Xinhua | Updated: 2016-12-17 10:45

BEIJING - The just-concluded Central Economic Work Conference on Friday confirmed that the supply-side structural reform will continue unabated into 2017, and that "seeking progress while maintaining stability" will be the guiding principle in governance and economic work next year.

Overseas pundits, including those who have expressed concerns about China's economy, have voiced optimism that the Chinese economy will overcome the headwinds as long as the supply-side structural reform continues.

Over the past 30 years, China's economy has maintained sustained rapid growth and created a miracle. This year, China has achieved steady growth with its gross domestic product (GDP) expanding 6.7 percent year on year in the first three quarters. The government set a growth target range of 6.5 percent to 7 percent for this year.

Paul Sheard, executive vice president and chief economist of S&P Global, noted the fact that China, one of the largest economies in the world, has a 35-year track record of near double-digit growth, which demonstrates the country's potential, provided the reforms continue.

Meanwhile, the famous economist Jim O'Neill, who has created the BRIC nations acronym, said China is transforming from an investment-driven economy to one driven by consumption.

"Transition is underway," he said. "Chinese consumption is not as strong as it was, but it is still growing by about 10 percent."

"Chinese consumers' share of GDP is slowly rising. That is what the world wants, and that is what China wants," the economist said.

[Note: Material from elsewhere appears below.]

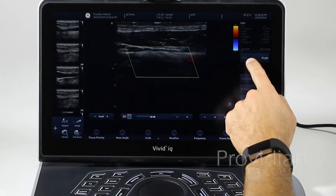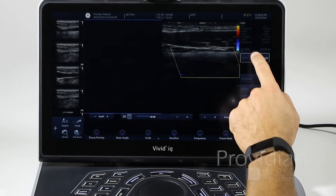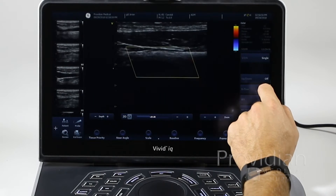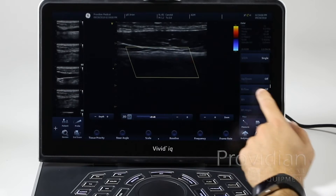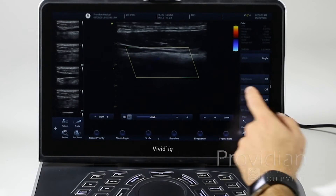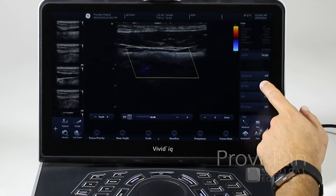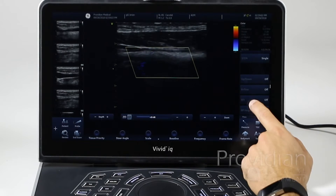And single, dual, or quad screen. Up, down, B-flow — we saw that.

O'Neill forecast that for the rest of this decade, China's economy will probably grow at between 6 percent and 7 percent, and for an economy that was about $11 trillion in size, that is "pretty good."

Nicholas Lardy, senior fellow at the Peterson Institute for International Economics in the United States, said the Chinese economy is transforming from an investment- and industry-driven model to a consumption- and service-oriented one.

The service sector has made great contributions to economic growth, and consumption has become an important source of the growth, he said, adding that these factors laid a solid foundation for a sustained and stable high rate of growth.

Despite these achievements, there are problems ahead. Looking forward, against the backdrop of a weak global economy and trade, excessive productivity and contradiction between supply and demand remain serious problems in China, and some financial sectors face risks.

O'Neill said China needs to carry out more reforms, especially in its credit system, and let the market play a bigger role.

Margit Molnar, head of the China Desk of the Economics Department of the Organization for Economic Cooperation and Development (OECD), said China's fiscal reform "has been very successful," adding that China has changed its budget law in 2014, which came into effect in 2015, to allow local Chinese governments to issue bonds.

Moreover, China has decided to promote the Belt and Road Initiative, improve its investment environment and open up many more fields to become more globally integrated.

On the Belt and Road Initiative, Molnar said "it was not just a trade and investment type of integration that people have thought in the beginning, but it really goes into areas like intellectual property rights or environment or climate change, or collaboration in areas that people never thought such an initiative could cover."

For example, Dragana Mitrovic, professor of political science at the University of Belgrade, said the Serbian public and business communities, and especially local communities, are now expecting to see more direct Chinese investments in the real economy of Serbia.